OK for my purposes ‘within the same upload session’ would be sufficient and an important improvement. Where would such a cache logically hook into the code?

Also I would like to mostly retract what I said above about renaming triggering mtime change, as it only will if the program in question rewrites the file. Desirable outcomes of having this inode->(metadata,object id) cache persisted include being able to deal with directories being moved around wholesale or files being renamed by tools like mv. However, if we’re uncomfortable persisting it, that matters less to me as the operation I currently have running will take about 28 days or more at present speeds which seems like enough time to fix up the simple patch.

Finally, would you consider adding inode to the metadata for cache hits generally? i.e. name/inode/size/mtime instead of just name/size/mtime? I am not really comfortable with the idea that if I tar/untar a directory repeatedly kopia will not re-hash the rewritten tree. I would expect it to.

I’m maybe also confused about the build process. I cloned the repo and ran make and got:

$ ls dist/testing_darwin_amd64/
kopia.exe		testingaction.exe

Turns out these files are MacOS CLI executables but the naming really surprised me. Are they meant to be named .exe and all is well, or is my environment misconfigured in some way? Tests looked like they passed, though I didn’t watch the output too closely.

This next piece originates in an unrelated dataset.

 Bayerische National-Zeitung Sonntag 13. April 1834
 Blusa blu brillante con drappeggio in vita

As near as I can tell, you’re suggesting modifying findCachedEntry in upload.go to allow a cache hit on a new in-memory cache. Is that the spot you mean?

One possible approach: in local_fs.go:newEntry record an inode → names map (call it aliases or something like that). Then in findCachedEntry look not only for the name of the file as it does today, but also for the names of all the aliases of the file.

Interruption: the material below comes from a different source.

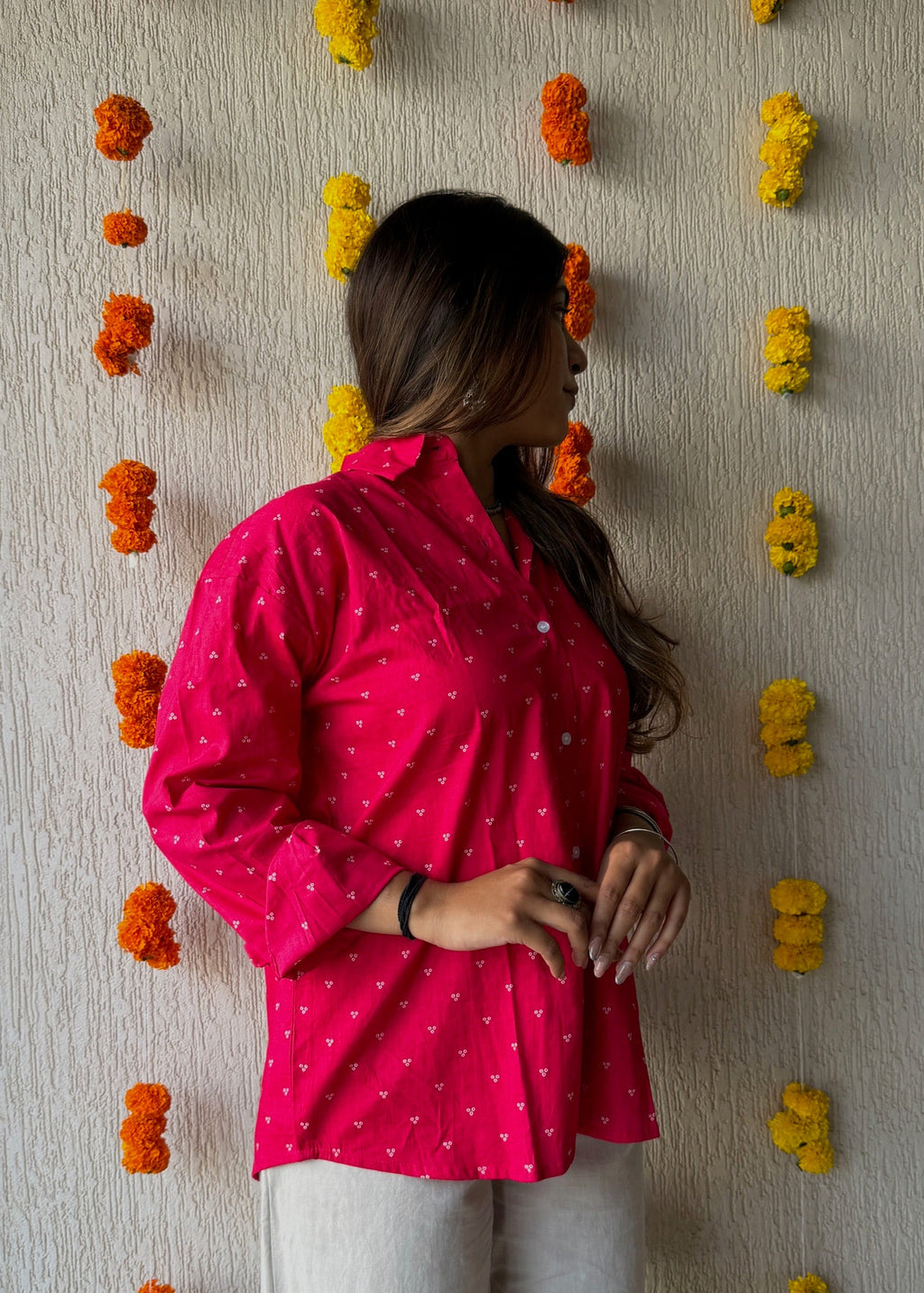 Pink dots oversized shirt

This doesn’t seem particularly elegant to me, but does seem similar to the seemingly global table of Entries that is sorted by name to enable finding prior entries by filename; I essentially want a mapping from inodes to those names so that the lookup being done in findCachedEntry can work as before without perturbing the code too much.

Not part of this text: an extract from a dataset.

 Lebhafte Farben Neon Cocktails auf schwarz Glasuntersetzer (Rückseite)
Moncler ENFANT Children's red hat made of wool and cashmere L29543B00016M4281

It also introduces a new call to os.Stat, which as far as I can see the current code never does.

BTW. When developing make install is the command I use the most - it installs kopia to ~/go/bin

Alternatively make kopia will just place the command in dist/kopia_darwin_universal/kopia

The exe you found was a special testing-only binary with some test hooks enabled (and it’s called .exe because on windows they must be called that and I was lazy).

Happy to discuss in a PR if you prefer (over the weekend is when I have most time to work on Kopia)

I can make a PR once I have a vague idea of how you want it to work. Just suggesting which functions you’d prefer to see modified would be plenty of direction. I’ll check back on the weekend for updates.

BTW, it’s important that this considers different OSes and filesystems, including ones in which inodes are non-existent (Windows) or non-durable (kept only in RAM, like FUSE filesystems). The metadata structure will out of necessity be a least common denominator with OS-specific extensions.

I was thinking about this approach a more, and I would try the following approach:

  1. Define optional interface (HasInode) with one method GetInode() and implement this on localfs Entry only (so inode numbers would not be persisted in the repository).

  2. In each upload session we’d have a map/cache “(dev,rdev,inodeNumber) → *snapshot.DirEntry”

When we encounter an entry, we first check previous snapshot cache, if it’s there - reuse it.
Next (optionally, flag-protected), we’d consult the inode map and if an entry with the same (dev,rdev,inode) is there and size/mtime still matches, we reuse the dir entry.

The big problem with this approach is memory bloat, we’d necessarily keep all directory entries in RAM for the duration of the upload, that’s why this is not applicable always and should be opt-in.

There are several approaches to keep memory usage in check - we can limit the inode caching behavior to N directory levels, have some kinds of bounded LRU cache where if we run out of memory oldest items will start dropping out, etc.

Overall, it’s an interesting and non-trivial project. I’d be glad to accept this into Kopia and happy to help develop it.